● **Task description**: Reproduce exactly the lines of this material that begin at the line with "Photo Urs Rechn" and end at the line with "Brianna Lombardo's Instagram, Twitter", both included. Omit the pictures and everything else.

● **Dataset records**:
▬▬▬

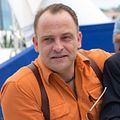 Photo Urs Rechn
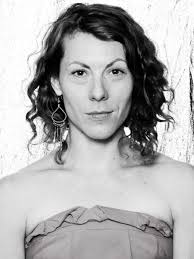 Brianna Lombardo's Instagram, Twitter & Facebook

▬▬▬

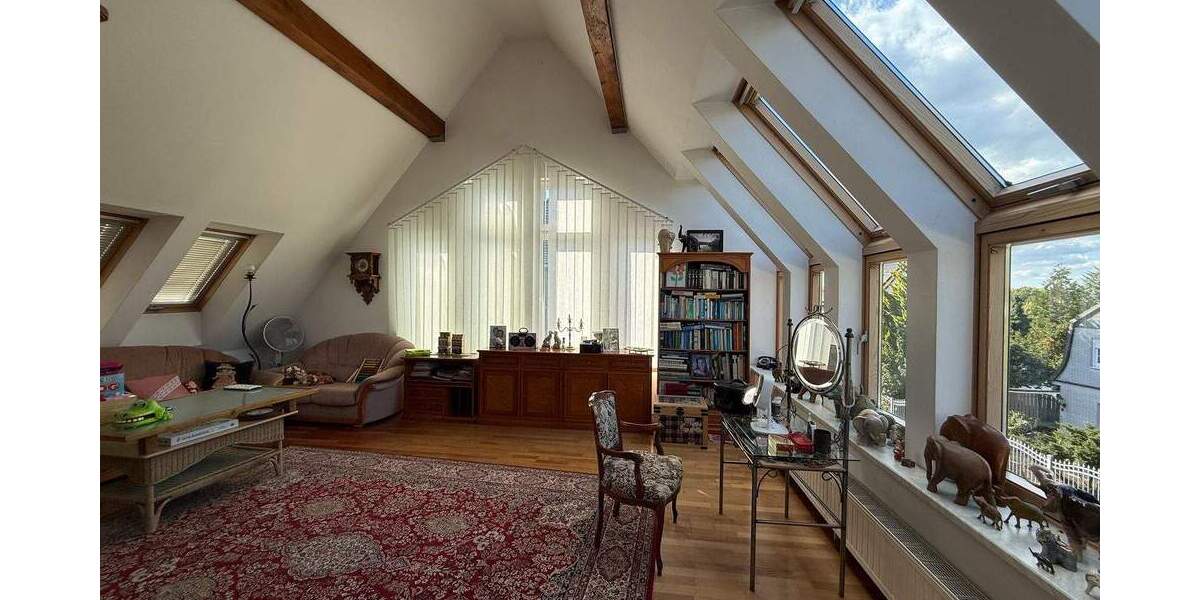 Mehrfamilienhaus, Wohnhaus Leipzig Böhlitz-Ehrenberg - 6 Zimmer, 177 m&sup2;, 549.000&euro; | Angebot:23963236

▬▬▬

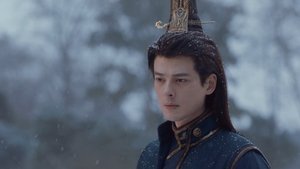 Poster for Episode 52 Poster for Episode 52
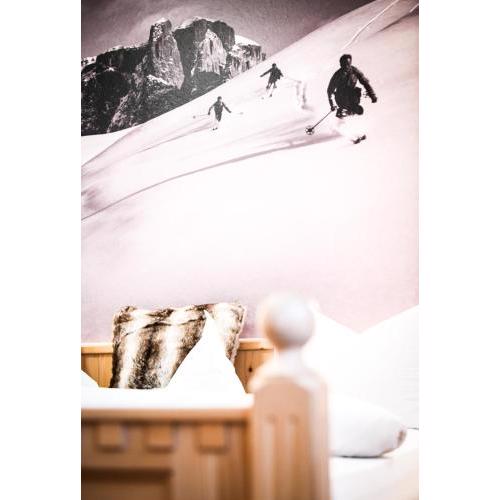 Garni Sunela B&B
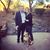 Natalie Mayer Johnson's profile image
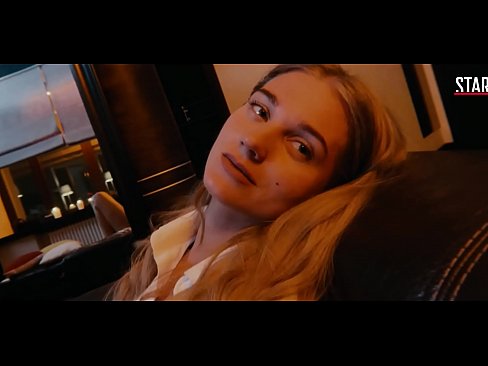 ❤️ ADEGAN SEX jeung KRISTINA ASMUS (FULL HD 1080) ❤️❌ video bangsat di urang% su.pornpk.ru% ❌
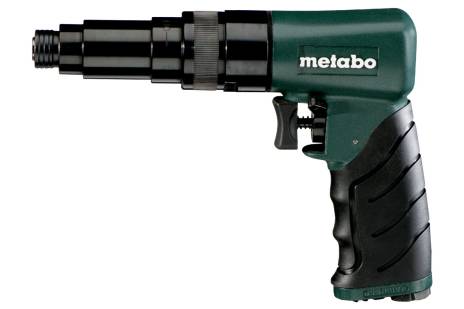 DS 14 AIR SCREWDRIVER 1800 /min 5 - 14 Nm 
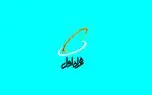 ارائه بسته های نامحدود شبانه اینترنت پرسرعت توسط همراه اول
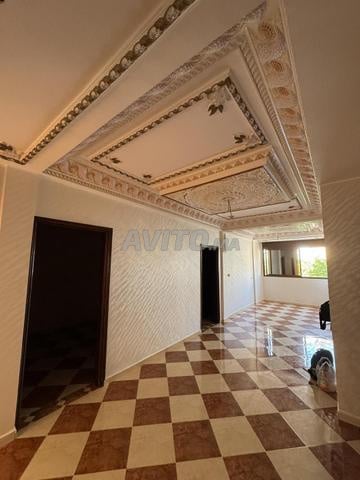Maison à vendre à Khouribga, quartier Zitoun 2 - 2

▬▬▬

● **Completed exercise**:
 Photo Urs Rechn
 Brianna Lombardo's Instagram, Twitter & Facebook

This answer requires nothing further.